I agree with Pointwithinacircle, it's always good to get support before suggesting anything.  A great way of getting support is by leading other people to think it's their idea (people love their own ideas).  I didn't make may proposals or motions while I was in the East because of these two guidelines but I was able to accomplish everything I set out to do with little trouble.


----------



## Morris (Oct 13, 2014)

pointwithinacircle2 said:


> Forgive me for saying it, but it sounds like you are making the oldest mistake in the book.  Being retired, I attend three different Lodges every month.  Every month I see a Mason stand up in one of these Lodges and propose some wonderful idea that the other Brothers immediately shoot down.  The trick to making an effective proposal in Lodge is to solicit support before you announce publicly.   In my Lodge there are three Brothers who control what everyone else in Lodge thinks.  I do not make ANY suggestion in Lodge without asking these three Brothers for their support first.  I learned this the hard way.


It is said that you need 20% buy in to make change. Like stated above, get some ideas on your subject or program and get a little buy in before you announce.


----------



## Benjamin Baxter (Oct 13, 2014)

AaronSawyer said:


> Haha, I think you mean "shot down." Some brothers, and maybe it is the fault of a lot of things, are just naturally inclined to be dismissive of ideas.  What kind of ideas did you have for charity?

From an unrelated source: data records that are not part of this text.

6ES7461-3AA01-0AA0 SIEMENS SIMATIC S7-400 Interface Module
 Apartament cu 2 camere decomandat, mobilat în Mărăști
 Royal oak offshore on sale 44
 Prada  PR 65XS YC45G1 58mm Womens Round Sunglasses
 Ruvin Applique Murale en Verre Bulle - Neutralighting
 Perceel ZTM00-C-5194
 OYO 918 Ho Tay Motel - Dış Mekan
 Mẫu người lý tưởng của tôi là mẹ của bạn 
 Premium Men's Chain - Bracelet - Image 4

Yes.... Shot down would be a more accurate description of what happened. Lol


----------



## Benjamin Baxter (Oct 13, 2014)

JJones said:


> Get Dale Carnegie's "How To Win Friends and Influence People", it should be on every man's bookshelf IMO, especially if they find themselves in leadership positions like yourself.
> 
> I agree with Pointwithinacircle, it's always good to get support before suggesting anything.  A great way of getting support is by leading other people to think it's their idea (people love their own ideas).  I didn't make may proposals or motions while I was in the East because of these two guidelines but I was able to accomplish everything I set out to do with little trouble.


Good suggestion... I will make a purchase....


----------



## Companion Joe (Oct 13, 2014)

If the same person/people are always the ones against a proposal, politely call them out in public. Say, "OK, Brother, give us some ideas that you are in favor of doing." When they are put on the spot and have no response, the next time they'll think twice before shooting everything down on a routine basis.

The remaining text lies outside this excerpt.